How to Handle Job Search Rejection
Tips and Advice for Dealing with Rejection When You're Job Hunting
Getting told that you have been turned down for a job is never a pleasant experience, even if you weren't sure that you wanted the job. It can be especially difficult when it happens over and over again. However, there are steps you can take to handle the rejection.
Coping with not getting a job offer can be broken down into three parts: getting over the rejection, analysis of your candidacy, and moving forward with your job search.
Dealing With Rejection
The first step in getting over rejection by a potential employer entails sharing the frustration, disappointment, and anger that accompanies any loss. Talk to a friend or family member and share your feelings in a confidential setting. Today, we call it "venting," and venting can be a very useful tool.
Despite any urges you might have, don't say anything negative to the employer because you may want to apply to the organization again in the future. Sometimes it's hard to know exactly why a candidate was rejected and it could be you were too qualified. If that's the case, the employer may come back at a later date with a better job offer.

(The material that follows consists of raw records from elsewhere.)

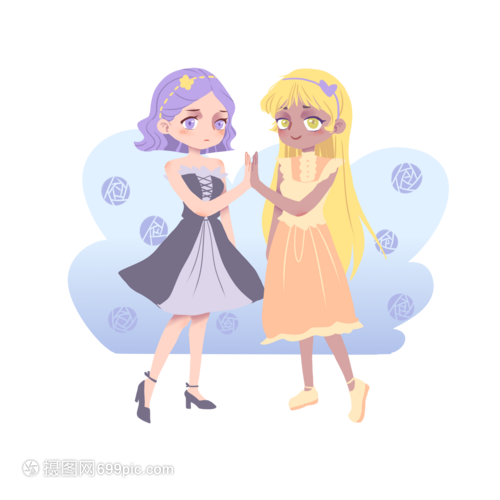 最新动漫ova 动漫聚焦亚丝娜的最新视角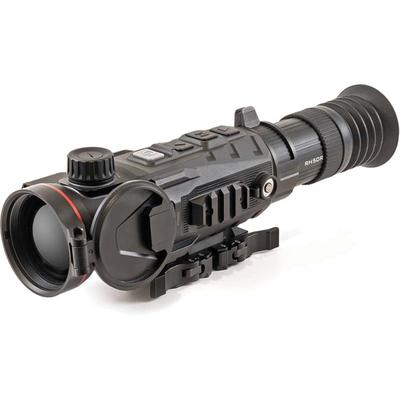 InfiRay Outdoor RICO Mk2 LRF 3x50mm Thermal Imagin...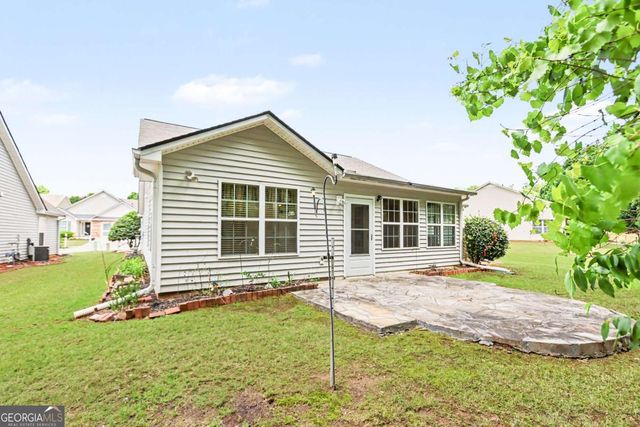 676 Majesty Crossing, Winder, GA 30680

Recognize that most searches are quite competitive, and many talented candidates are often rejected due to a tight job market. It is quite likely that the employer is not actually rejecting you, but rather saw another candidate as a (maybe even slightly) better fit. Because hiring decisions are typically subjective, it is entirely possible that another recruiter might have chosen you.
Also, keep in mind that maybe the hiring manager was right, and this job wasn't the best fit for you and you wouldn't have worked out. In that case, the company did you a favor by not hiring you.
What Could You Have Done Differently?
Take the time to reflect on your approach to the hiring process to see if there is anything you could improve upon in the future. Take a step backward and review your resume, cover letter, what transpired during the interview, and your follow-up activity. Given what you learned about the job requirements and people involved, ask yourself if you could have done something differently in order to present yourself in a better light and one that made you seem like a better fit for the job.
Though not typical, sometimes an employer will share feedback about your candidacy. If that's not the case, and you developed a rapport with anyone at the organization, try approaching them with a request for constructive criticism.
Keep Your Job Search Moving Forward
Candidates often lose momentum with their search while waiting to hear if they landed a job, especially if they think they nailed the job interview. Don't fall into that trap. It's never a good idea to stop looking until you have been offered, and accepted a job offer.
Until you have something in writing, continue with your search. Finding other options, and receiving positive responses from interviewers, will soften the blow if you are rejected. Staying in the job market, including networking meetings, will also boost your confidence while looking for a job.